5. Wurde für diese Posten ein Hearing durchgeführt? Wenn nein, warum nicht?

6. Wann wird wieder eine Entscheidung über Posten in EU-Organen anstehen?

7. Wird es zu diesem Zeitpunkt eine öffentliche Ausschreibung und/oder ein Hearing

für diese Positionen geben? Wenn nein, warum nicht?

8. Stimmt die Meldung im oben zitierten Artikel des KURIER, daß der österreichische

Kandidat nur deshalb nicht den prestigeträchtigen Job als Leiter der Task Force

„Osterweiterung“ erhielt, weil sich Österreich aus Gründen der parteipolitischen

Balance zu wenig dafür stark gemacht hat? Wenn nein, wie begründen Sie dies?

9. Für welche Posten im Verwaltungsbereich der Vereinten Nationen hat die

Bundesregierung ein Vorschlags- bzw. Ernennungsrecht?

1O.Welche Personen wurden wann für diese Posten vorgeschlagen?

11 Welche Qualifikationen waren für die Ernennung dieser Personen

ausschlaggebend?

12.Wurde für diese Posten ein Hearing oder eine öffentliche Ausschreibung

durchgeführt? Wenn nein, warum nicht?

13.Für welche Posten im Rahmen der Verwaltung der Welthandelsorganisation

sowie der internationalen Finanzorganisationen (Weltbankgruppe, IWF...) hat die

Bundesregierung ein Vorschlags— bzw. Ernennungsrecht?

14.Welche Personen wurden wann für diese Positionen vorgeschlagen?

1 5.Welche Qualifikationen waren für diese Positionen ausschlaggebend?

16.Wurde für diese Posten ein Hearing oder eine öffentliche Ausschreibung

durchgeführt? Wenn nein, warum nicht?

17. Für welche Posten im Rahmen der Verwaltung sonstiger internationaler

Organisationen hat die Bundesregierung ein Vorschlags— oder Ernennungsrecht?

18.Welche Personen wurden wann für diese Posten vorgeschlagen?

1 9.Welche Qualifikationen waren für die Ernennung dieser Personen

ausschlaggebend?

20.Wurde für diese Posten ein Hearing oder eine öffentliche Ausschreibung

durchgeführt?
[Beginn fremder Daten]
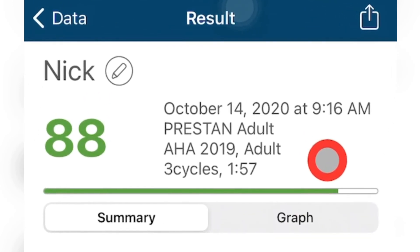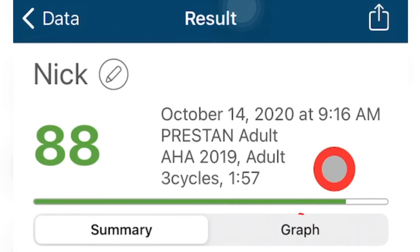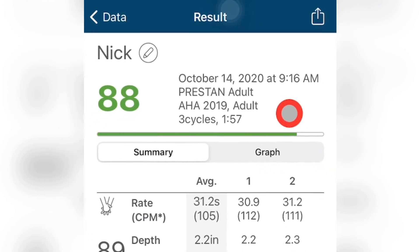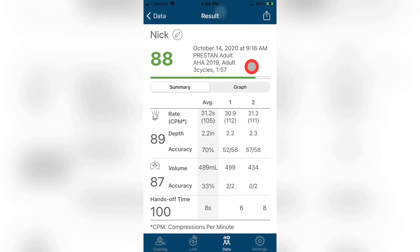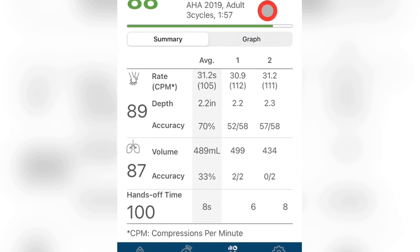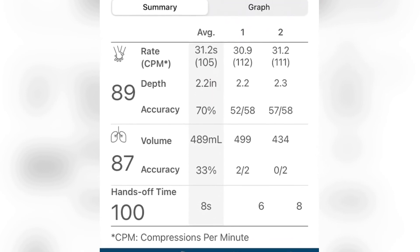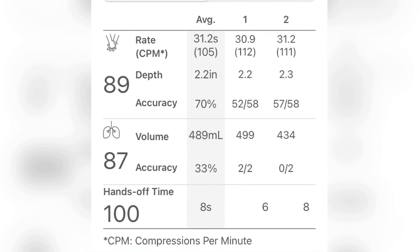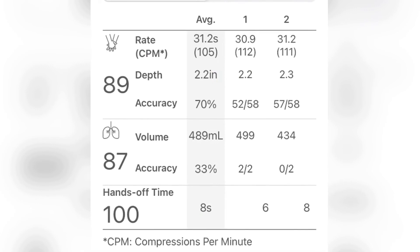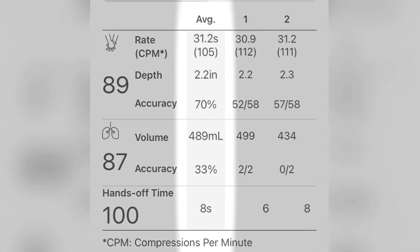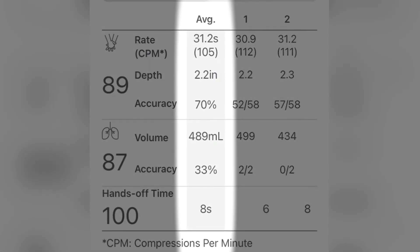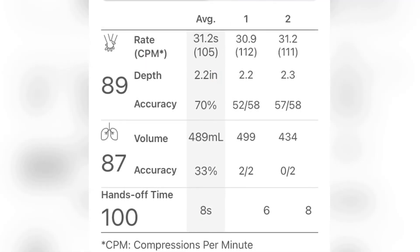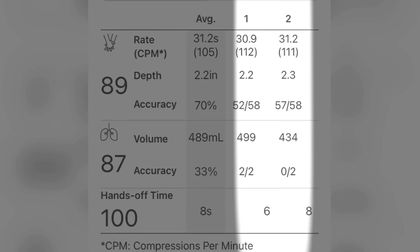Below this, there are two tabs: Summary and Graph. The Summary tab will provide a general synopsis of the training session. This includes data from all the categories collected, including compressions, ventilations, and hands-off time. Down the left-hand side of the screen, you will see each section has a category score. These category scores are combined and are used to calculate the overall training score. Just to the right of the score column is the average column, which shows the averages for all cycles completed within that individual training session. The subsequent columns to the right of the average column show the results for each cycle.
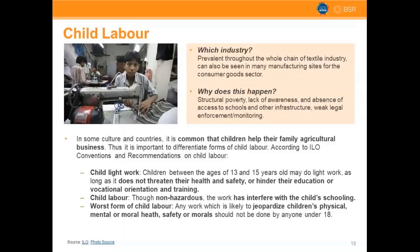Why does child labor happen? It's a complicated issue, usually tied to structural poverty. There can be a lack of awareness about international norms. A lot of it is also cultural — particularly in agricultural contexts, where it may be traditional for kids to work on a family farm from age ten. This is less common in factory contexts, where there's less cultural tradition of children working, so if you encounter that justification in a factory setting, you need to interrogate it more carefully.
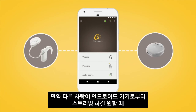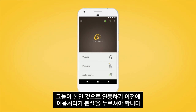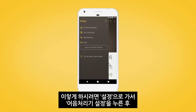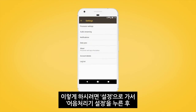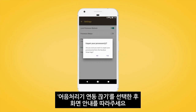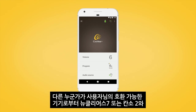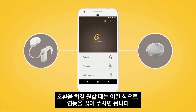If someone else wants to stream from your Android device, you'll need to forget your processors before they're able to pair theirs. To do this, go to Settings and tap Processor Settings. Then tap 'Unpair Your Processors' and follow the screen prompts. You'll need to do this every time someone else wants to pair their Nucleus 7 or Canso 2 sound processor to your compatible device.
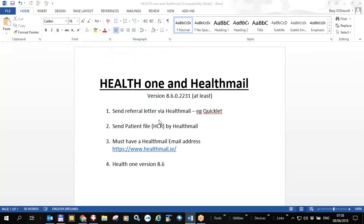In summary, this is Health One version 8.6, not yet released but coming shortly. It covers the use of Health Mail to send referral letters — this is Health Mail, not Health Link — as well as sending the patient HCR. To use it you must have a Health Mail email address and Health One version 8.6. Thank you, that's the end of this recording.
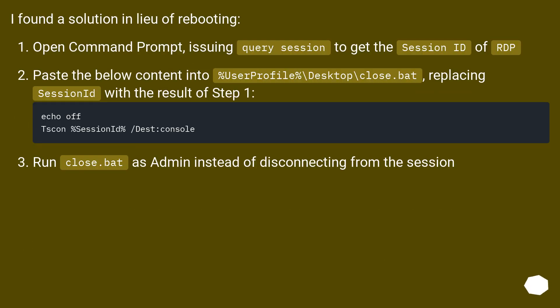A solution was found in lieu of rebooting. Open a command prompt and issue `query session` to get the session ID of RDP. Paste the content into `%USERPROFILE%\Desktop\close.bat`, replacing the session ID with the result of step one. Then run `close.bat` as admin instead of disconnecting from the session.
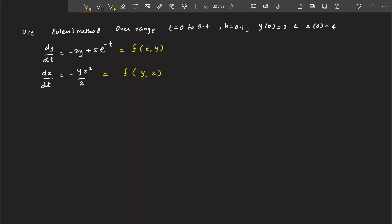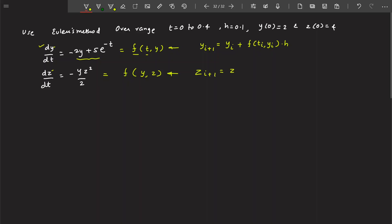For Euler's formula applied to the first equation: y_{i+1} = y_i + F(T_i, Y_i) × H, where H is the step size. For the second equation, since Z is present instead of Y: Z_{i+1} = Z_i + F(Y_i, Z_i) × H.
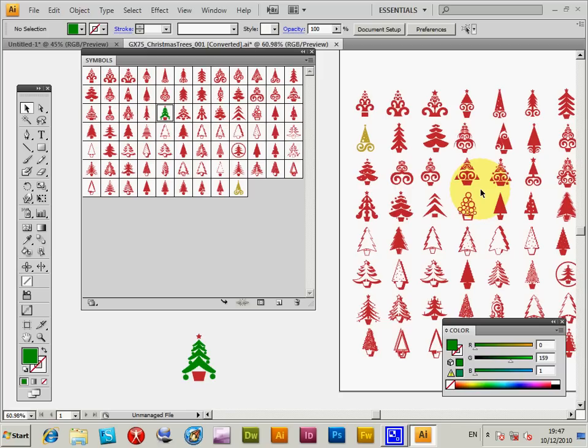So that's a quick tutorial on how to change symbols, the colors. You can do other things. Obviously you can distort them, modify them, warp them, and whatever. But that's a basic approach.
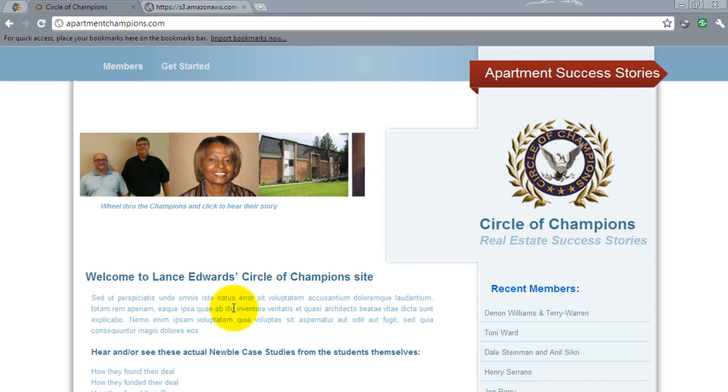Welcome. In this video I'm going to overview the Circle of Champions WordPress theme and how it integrates with the content management system.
Wenn nein, warum nicht?

21. Weshalb wurde vor Erstellung des Dreiervorschlagung für die Ernennung eines

österreichischen Richters am Europäischen Gerichtshof für Menschenrechte keine

öffentliche Ausschreibung und kein Hearing durchgeführt?
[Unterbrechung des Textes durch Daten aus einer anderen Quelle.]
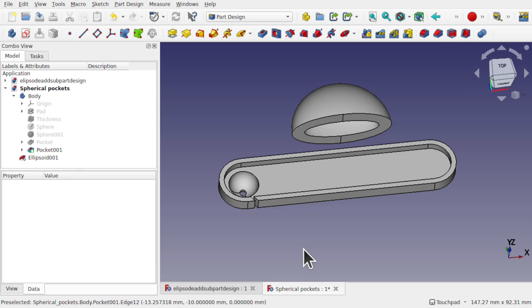Hi everyone and welcome back to the channel and welcome back to another episode of Learning FreeCAD for Beginners, teaching the fundamentals of FreeCAD whilst we learn workflows.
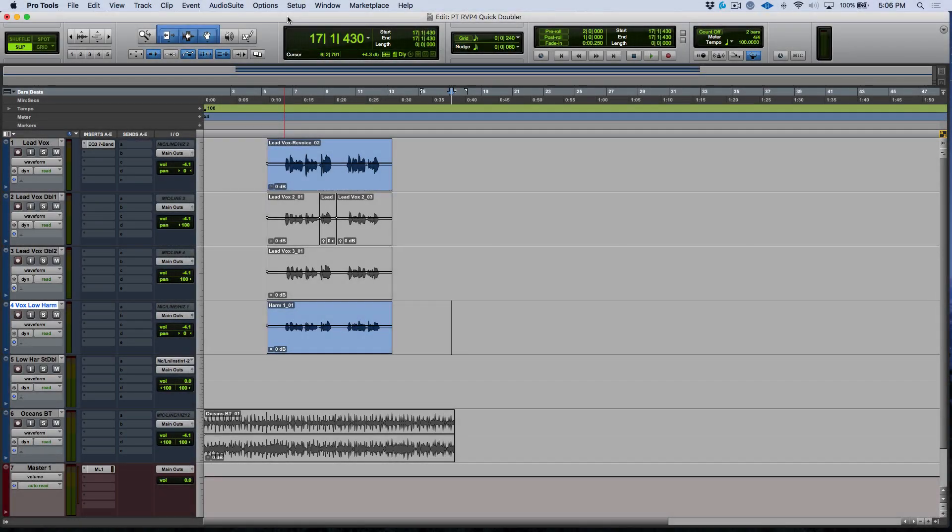Hi, my name is Marcus Heskins and thank you for joining me. In this video, we're going to focus on using the Audio Suite Revoice Pro Quick Doubler Plugin to create lightning fast doubles when working in Pro Tools.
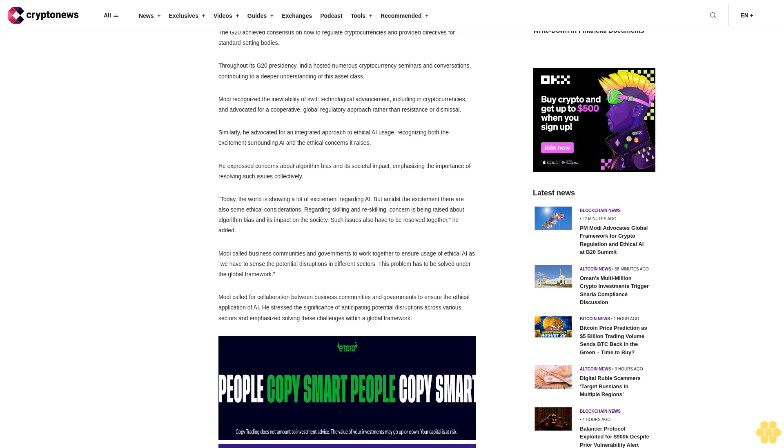Modi called for collaboration between business communities and governments to ensure the ethical application of AI. He stressed the significance of anticipating potential disruptions across various sectors and emphasized solving these challenges within a global framework.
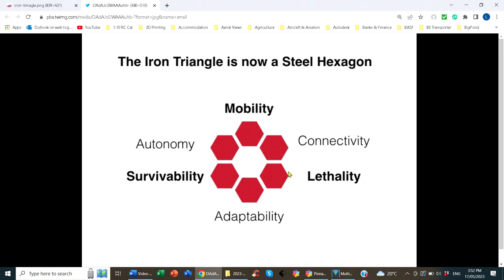Some people have taken the Iron Triangle and turned it into a steel hexagon. It still has mobility, firepower, and protection, but adds three trendier concepts: autonomy — we're seeing a lot of robotics in military vehicles — connectivity, because the more data you can collect from your fleet the better you can control it, and adaptability, often to take on different roles. However, I'd say these new three are lesser topics. You need to define survivability, mobility, and lethality first before moving on.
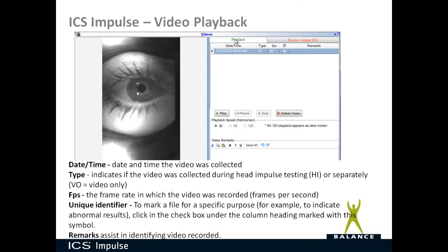You have what frames per second were selected for that video recording. You have a unique identifier. So to mark a file for a specific purpose, for example, to indicate abnormal results, or this is data that you want to use for a research project, click in the checkbox under the column heading marked with this symbol. And I'll show you where that shows up in your patient list.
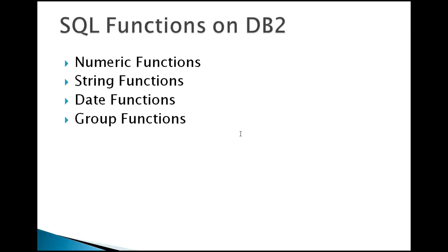Hi everyone, in continuation to the DB2 practical tutorial, today I'm going to talk about the SQL functions on DB2.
22.lst Ihnen bewußt, daß das im Rahmen des Europarates durchzuführende Hearing

zur Bestellung der Richter im Regelfall eine reine Formsache ist und der vom

jeweiligen Mitgliedstaat erstgereihte Kandidat bestellt wird?
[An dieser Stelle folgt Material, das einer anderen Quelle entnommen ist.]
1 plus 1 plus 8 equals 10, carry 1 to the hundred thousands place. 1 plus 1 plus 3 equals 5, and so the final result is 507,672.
23.Halten Sie grundsätzlich die Durchführung von öffentlichen Ausschreibungen und

Hearings bei Besetzung von hohen Positionen in internationalen Organisationen

für sinnvoll? Wenn ja, was werden Sie unternehmen, daß diese in Zukunft

durchgeführt werden? Wenn nein, warum nicht?